**PROBLEM DETAILS**
In the records below, count every line that includes the word "they". Provide the total alone.
[Opening DATASET CONTENT section]
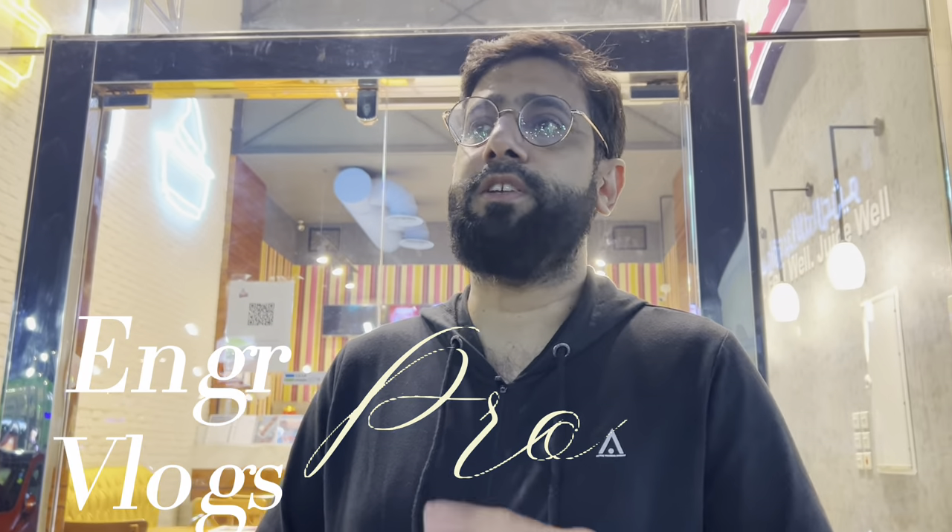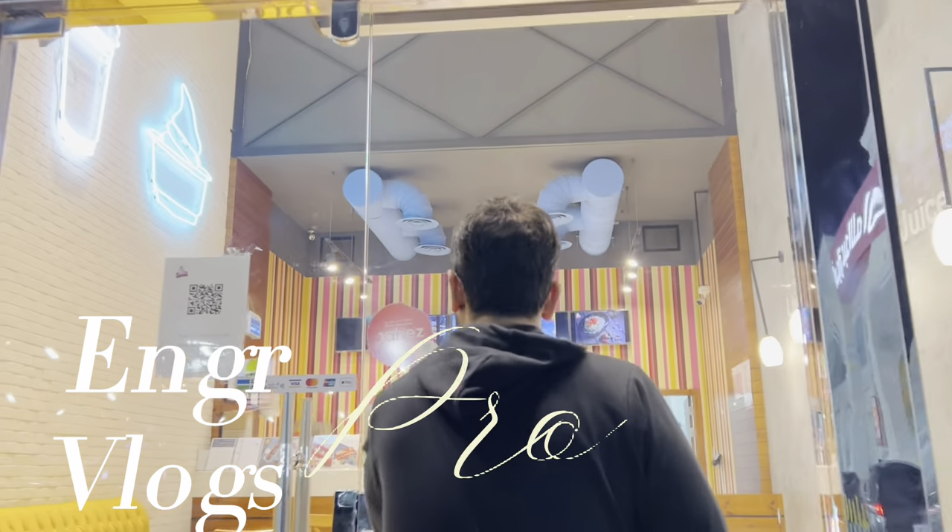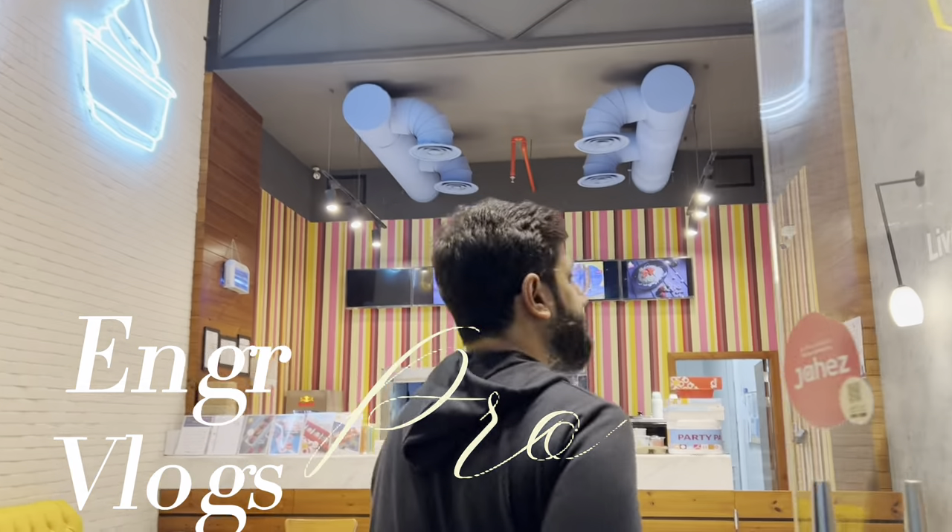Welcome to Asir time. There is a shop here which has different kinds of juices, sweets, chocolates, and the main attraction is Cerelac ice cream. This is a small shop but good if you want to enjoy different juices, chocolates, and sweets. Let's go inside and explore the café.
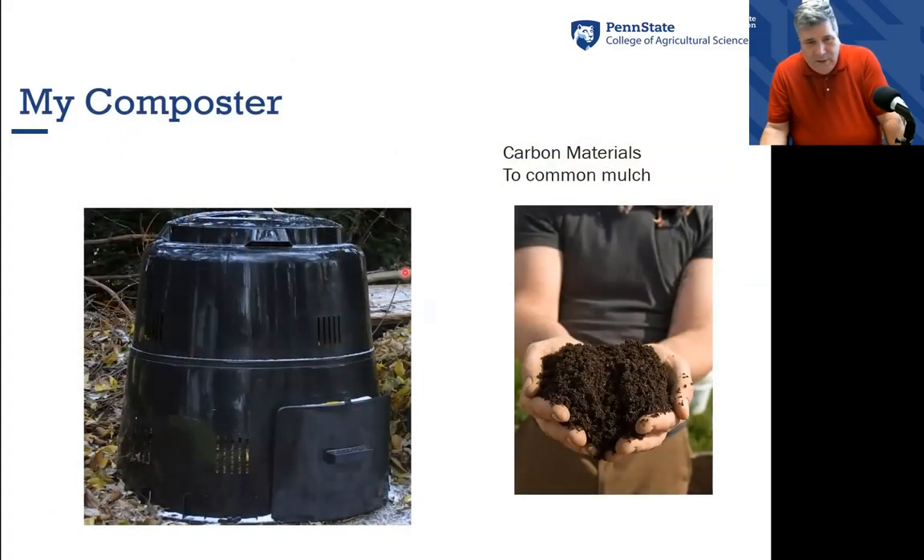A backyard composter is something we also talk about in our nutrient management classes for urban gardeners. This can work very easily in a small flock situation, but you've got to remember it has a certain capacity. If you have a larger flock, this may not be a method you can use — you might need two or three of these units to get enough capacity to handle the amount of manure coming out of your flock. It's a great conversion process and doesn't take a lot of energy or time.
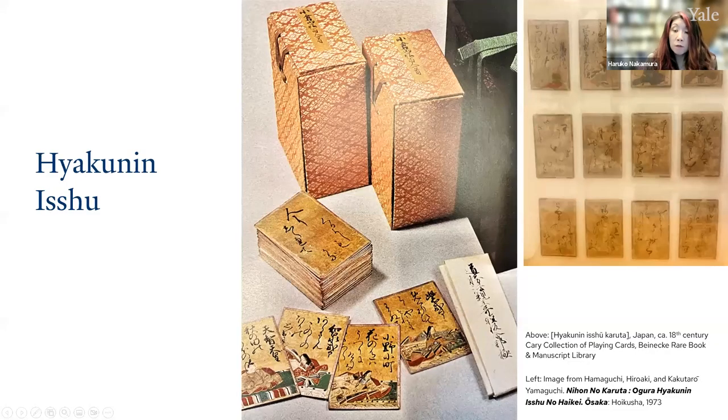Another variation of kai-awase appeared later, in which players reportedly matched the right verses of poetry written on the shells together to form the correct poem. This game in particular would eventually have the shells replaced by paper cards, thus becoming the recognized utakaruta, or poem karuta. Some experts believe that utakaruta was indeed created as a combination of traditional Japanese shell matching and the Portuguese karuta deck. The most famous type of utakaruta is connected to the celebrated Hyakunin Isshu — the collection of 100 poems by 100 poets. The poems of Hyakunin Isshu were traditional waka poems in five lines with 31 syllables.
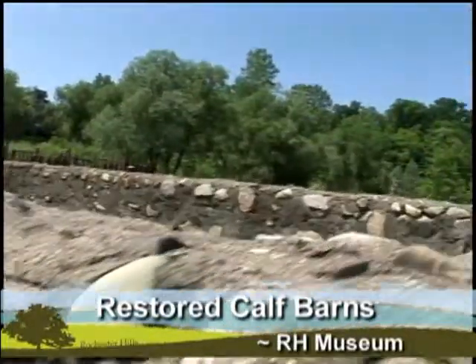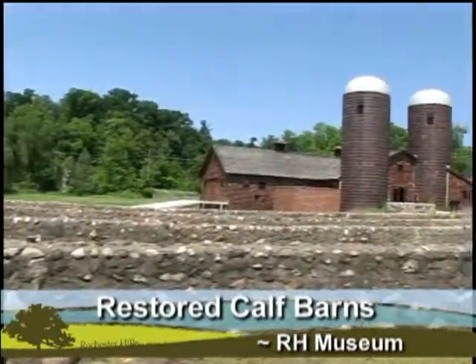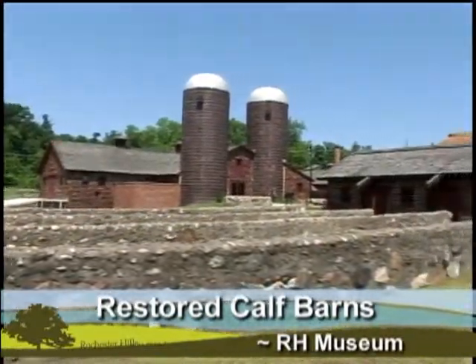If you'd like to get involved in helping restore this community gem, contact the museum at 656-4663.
[Closing DATASET CONTENT section]
[Opening DATASET CONTENT section]
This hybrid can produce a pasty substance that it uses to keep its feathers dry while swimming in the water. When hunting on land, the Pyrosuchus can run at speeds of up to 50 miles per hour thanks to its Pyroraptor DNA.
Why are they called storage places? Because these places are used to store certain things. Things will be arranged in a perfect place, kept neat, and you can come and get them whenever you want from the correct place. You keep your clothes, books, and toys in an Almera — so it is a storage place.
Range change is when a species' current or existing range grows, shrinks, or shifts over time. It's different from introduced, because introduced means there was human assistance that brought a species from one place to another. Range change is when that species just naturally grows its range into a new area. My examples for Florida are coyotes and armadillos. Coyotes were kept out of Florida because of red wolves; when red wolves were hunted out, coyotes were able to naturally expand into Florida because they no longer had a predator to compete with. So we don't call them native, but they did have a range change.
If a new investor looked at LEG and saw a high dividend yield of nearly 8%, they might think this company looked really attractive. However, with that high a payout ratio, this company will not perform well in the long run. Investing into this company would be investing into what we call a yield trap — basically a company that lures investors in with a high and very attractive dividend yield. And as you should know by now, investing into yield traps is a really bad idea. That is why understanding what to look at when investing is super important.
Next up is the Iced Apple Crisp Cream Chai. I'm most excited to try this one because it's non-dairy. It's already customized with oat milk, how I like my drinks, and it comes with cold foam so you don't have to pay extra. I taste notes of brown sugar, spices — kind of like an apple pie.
[Closing DATASET CONTENT section]
[Opening DATASET CONTENT section]
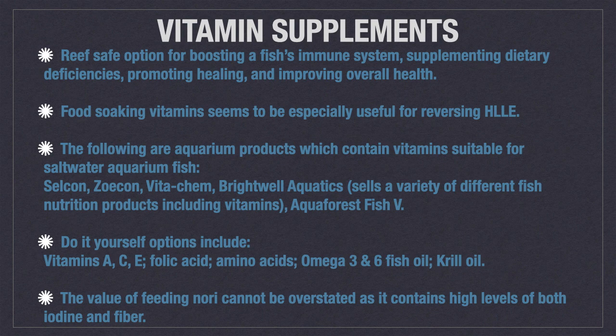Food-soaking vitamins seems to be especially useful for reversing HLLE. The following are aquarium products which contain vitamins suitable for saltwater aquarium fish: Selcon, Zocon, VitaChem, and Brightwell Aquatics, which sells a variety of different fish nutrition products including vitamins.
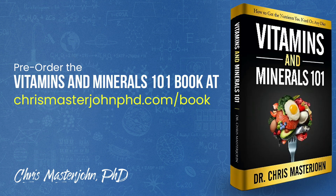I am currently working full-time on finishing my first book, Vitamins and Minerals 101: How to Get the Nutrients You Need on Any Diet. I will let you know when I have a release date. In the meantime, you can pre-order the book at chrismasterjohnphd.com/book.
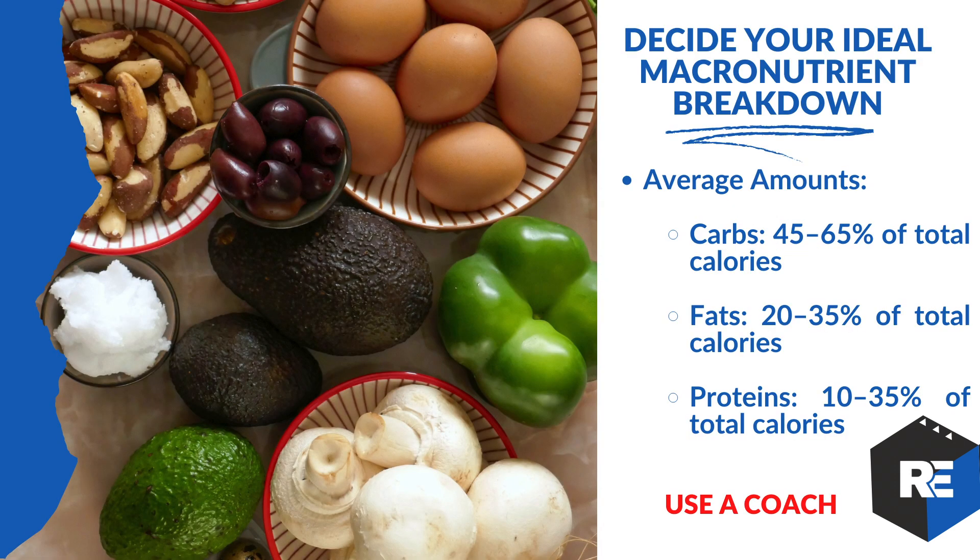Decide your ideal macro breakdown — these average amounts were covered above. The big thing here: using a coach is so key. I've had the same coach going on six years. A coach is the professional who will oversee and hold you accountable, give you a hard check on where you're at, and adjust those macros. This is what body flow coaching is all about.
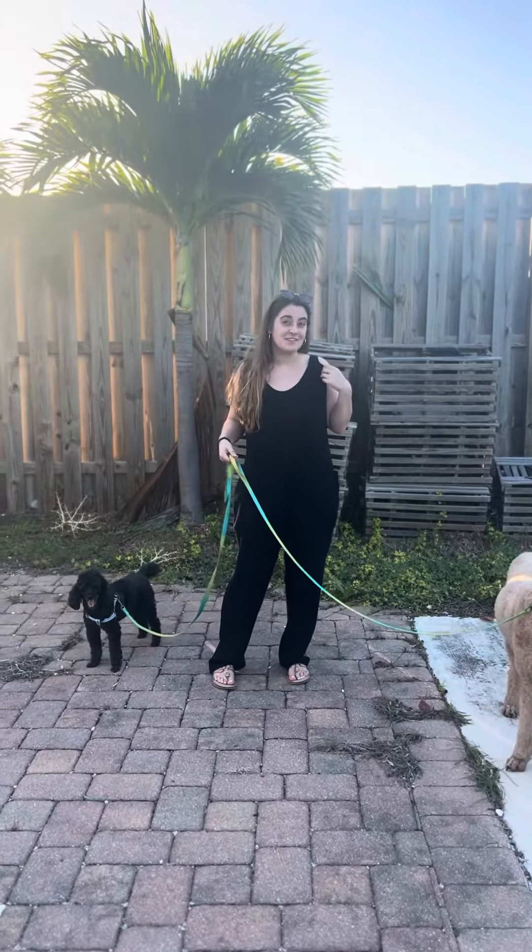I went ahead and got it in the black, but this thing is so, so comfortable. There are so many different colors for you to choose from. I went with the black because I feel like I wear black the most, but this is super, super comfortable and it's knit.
[Closing DATASET CONTENT section]
**WRITTEN SOLUTION**
3